St. Thomas taxi drivers also share another quality with their fellow drivers elsewhere. They will almost always prefer the bird in the bush to the one in the hand. Even if there isn’t a tourist within five hundred miles, they will wait to fill up the vehicle rather than risk losing these phantoms by taking a single passenger. In New York, they wait for hours at the airport. But it is a known fact that, at some point, planes with passengers needing taxis will land, and these drivers will inevitably get to the front of the line. September on the St. Thomas waterfront is not quite the same. But there they were, waiting for Godot, or somebody else who wasn’t going to show up, at least not until November.

Service: Several years ago, I wrote a column titled, “A Tale of Two Hotels.” One of the hotels was in St. Thomas, and the other was somewhere else. The St. Thomas hotel came off pretty badly by comparison. My most vivid memory is of the pregnant woman whose flight had arrived hours late, who had gigantic suitcases and who could get no help in getting her things to her room. I take it all back. Same hotel, and the service could not have been better, especially the staff responsiveness to my work needs. I believe the other guests all felt the same way.

There seems to be a young generation of Virgin Islanders, mainlanders and foreigners who understand that service and servility are two very different things, that teamwork really works, that it can be fun to help people, and who seem to take genuine pride in what they are doing.
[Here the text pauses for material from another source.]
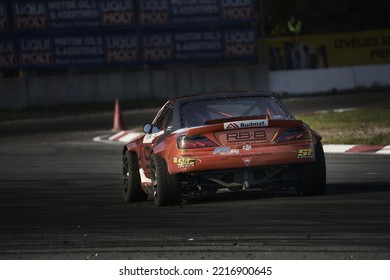 11-05-2022 Riga, Latvia A Red Car Driving Down A Race Track, There Is A Car Driving On The Track With No Wheels.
It was very impressive.

Running on St. Thomas: I started running on St. Thomas in the mid-1970s. At the time, there was a guy who power-walked on the waterfront, me and maybe a few others. STAR did not yet exist, and to most St. Thomians, running was considered a serious mental illness, or, at a minimum, a good way to get such a mental illness. This was true especially if the running was done during the day, the old mad dogs and Englishman routine.

That has changed. There are now lots of runners, but St. Thomas remains a tough place to run. There are few soft surfaces or trails, lots of uneven concrete, narrow stretches where you are close to traffic and, except for the waterfront and adjacent stretches, killer hills.
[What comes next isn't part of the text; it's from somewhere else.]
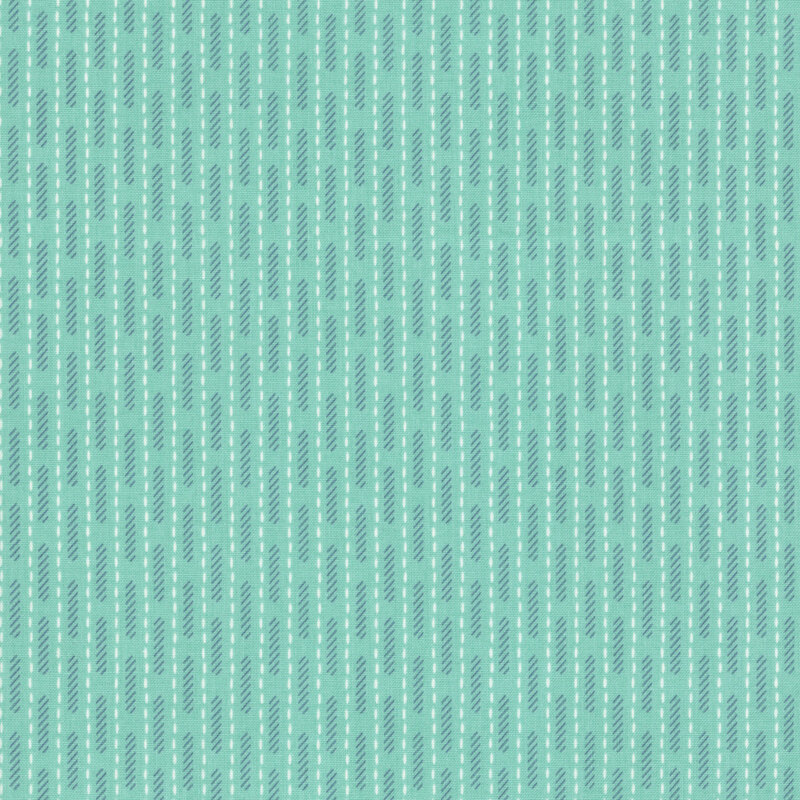 Turquoise fabric with vertical white dashes and a pattern of dark teal lines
All of that being said, it is also a great place to run, especially in the evening. My favorite run is from the airport to Yacht Haven, usually via Frenchtown. Along the way, you can stop for a minute and check out a ball game in Frenchtown or Emile Griffith Park, check in with the domino guys on the waterfront and then just cruise along the harbor. For years, the domino guys have been a dependable source of discouragement, “you’re too old,” “they’re all ahead of you,” “why are you doing this?”

There are also lots more walkers, especially out around the airport and near UVI. And, in a funny way, there seems to be more of a runner/walker community. The best measure of this is eye contact. There are runner eye contact cities, New York is one, and no eye contact cities. Paris is the champion no eye contact city. St. Thomas used to be in the second group. But now, there are a lot more looks, nods and hand waves. I don’t know exactly what it means, but I do know that it’s a good thing. Just one of many good things.